Paul McCartney, "New"

Over the past couple of decades while his detractors have been dismissing McCartney as the "Silly Love Songs" peddler of sappy pop, the ex-Beatle has been building up a terrific "oeuvre" of late-career polished gemstones. Arguably beginning with Flowers in the Dirt in 1989 and certainly since 1997's Flaming Pie, McCartney has made a series of albums that would be considered the envy of most artists if not for the sheer historic weight of Paul's back catalogue.

On New, McCartney seems to be making one final attempt at swinging for the fences and knocking one out of the park commercially and not just creatively. He teamed up with four producers with recent notable success stories solid track records, particularly Paul Epworth (the Grammy-winning producer of Adele's recent work) and Mark Ronson (who helped shepherd Amy Winehouse to mainstream success). Also behind the glass as producer were Giles Martin (son of Beatles collaborator George Martin) and the recently ubiquitous Ethan Johns.

Interestingly, it's not the son of The Beatles' producer who guided McCartney through some of his most Fab Four-like tracks on New. The title cut, with its distinctive mid-period Beatles sound, was produced by Ronson, as was the White Album-styled "Alligator." And the song "Early Days," in which McCartney harks back to his formative years as and before The Beatles ("I live through those early days/So many times I had to change the pain to laughter/Just to keep from getting crazy"), was a collaboration with Johns.
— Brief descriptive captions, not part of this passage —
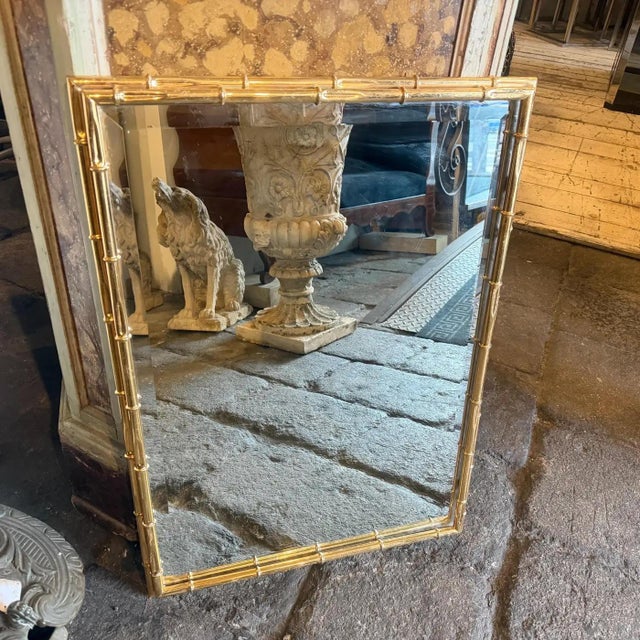 1970s Hollywood Regency Bamboo Shaped Brass Italian Wall MIrror For Sale - Image 16 of 16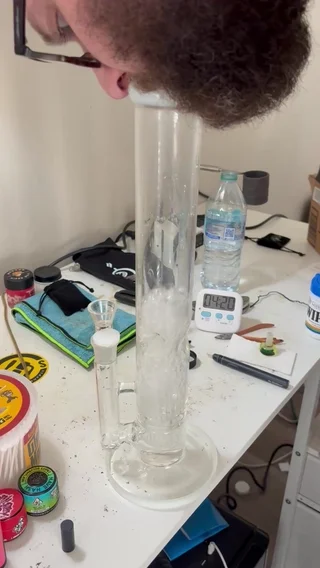 Preview pic of 15” scientific Glass double matrix perk white accented ice catcher thick glass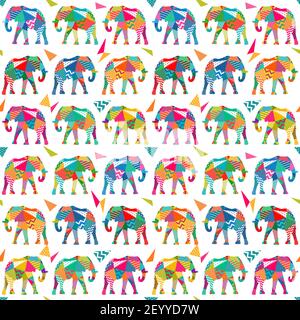 Seamless elephant kids pattern wallpaper background in vector Stock Vector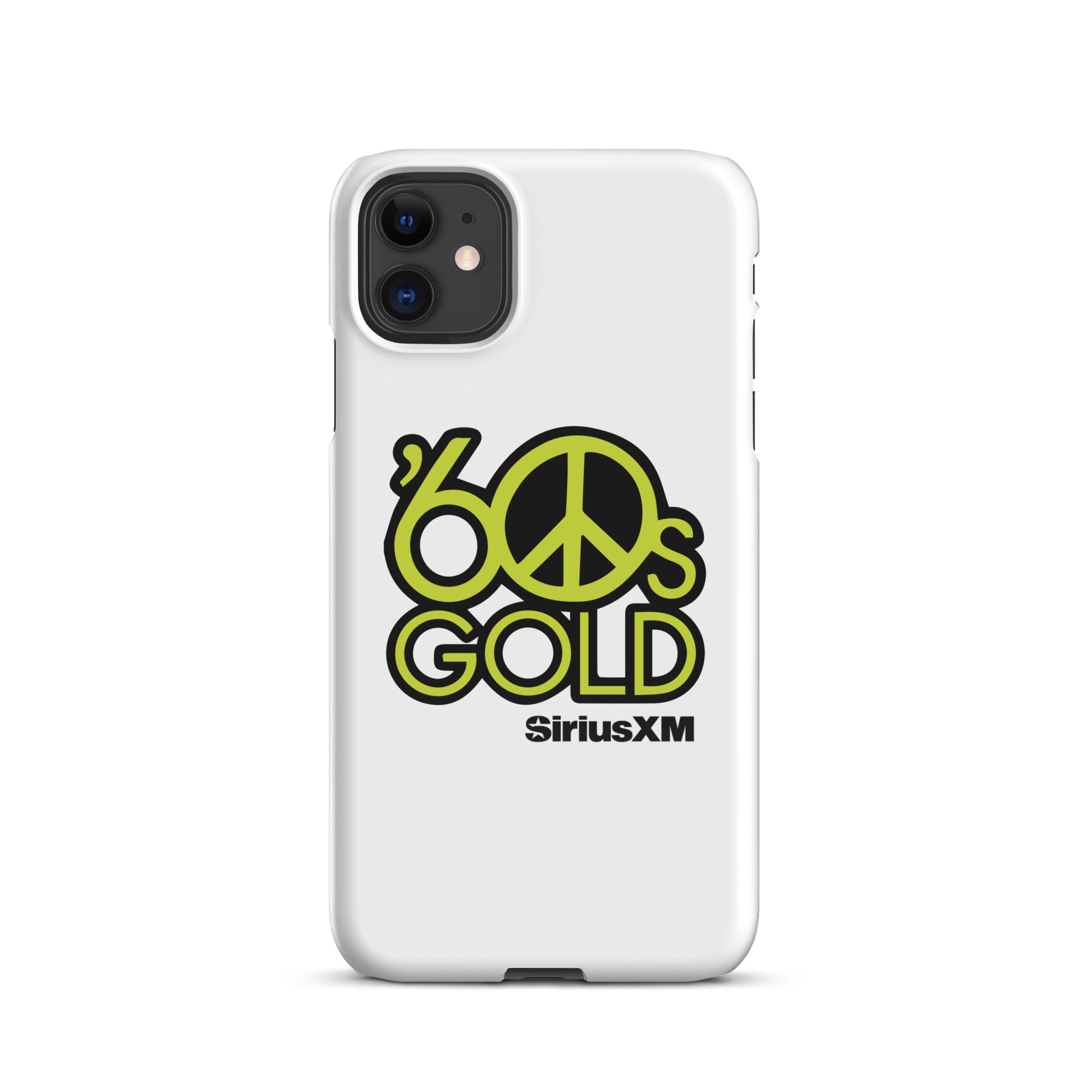 White phone case featuring '60s Gold' logo and peace sign in green, with 'SiriusXM' branding.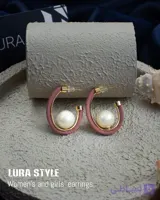 گوشواره میناکاری تناژ کالباسی مرواریدی استیل ۱۰۱۰۷۳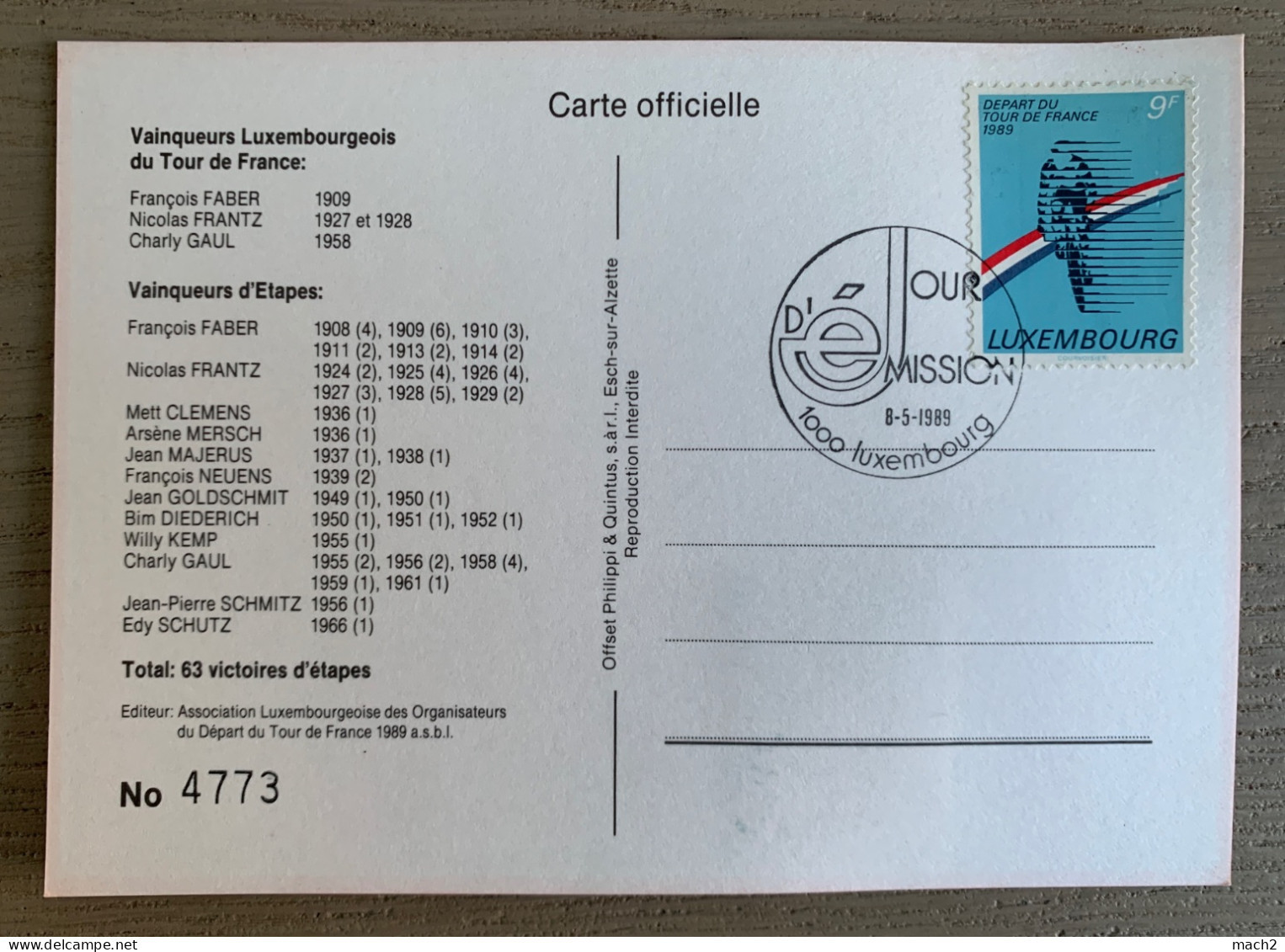 Carte Départ Tour De France Luxembourg 8/05/1989 1er Jour, Signée Charly GAUL - Cyclisme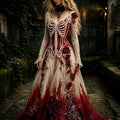 Women's Retro Gothic Skeleton And Rose Pattern Maxi Halloween Dress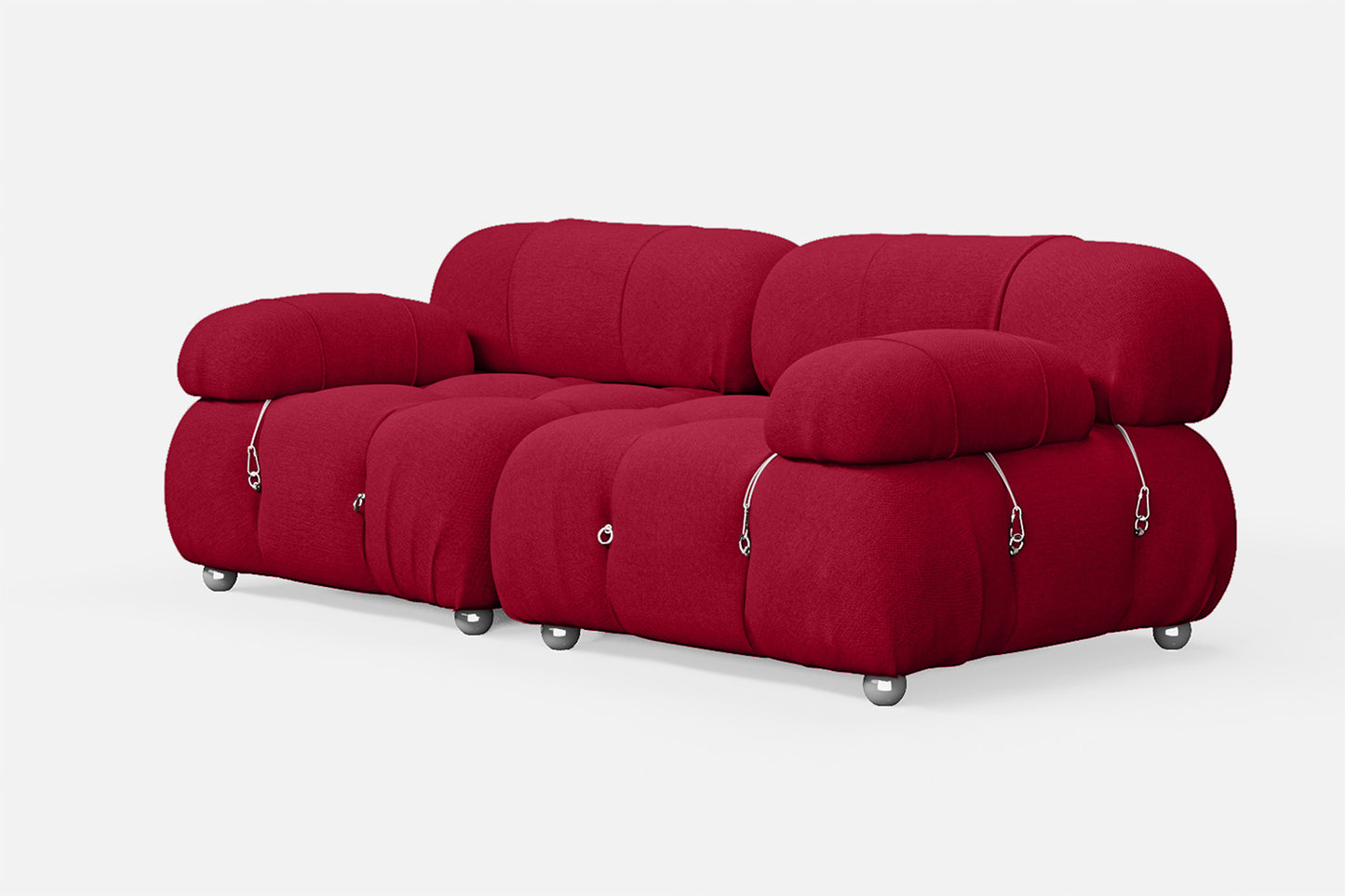 Varese 2 Seater Sofa Red Linen Fabric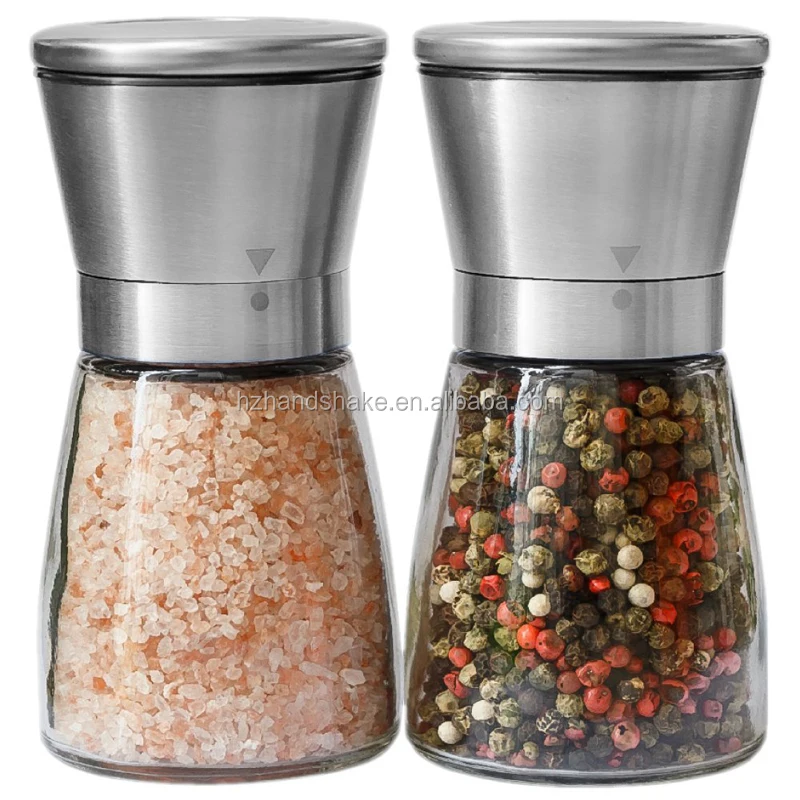Salt Pepper Grinder Set Stainless Steel Glass Spices Mill Tall Shaker Tools L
But although his choice of producers would lead one to think McCartney badly wants further pop success, New has more subtlety and onion layers than pop sheen. His last rock record, 2007's Memory Almost Full, had more typically McCartneyesque hooks than New. His latest album is full of tension between reminders of the past and the hope and fears involved in his latest marriage (to his third wife, Nancy Shevell). It's a rewarding listen, but New takes repeated engagement before one can fully appreciate the well-crafted songs.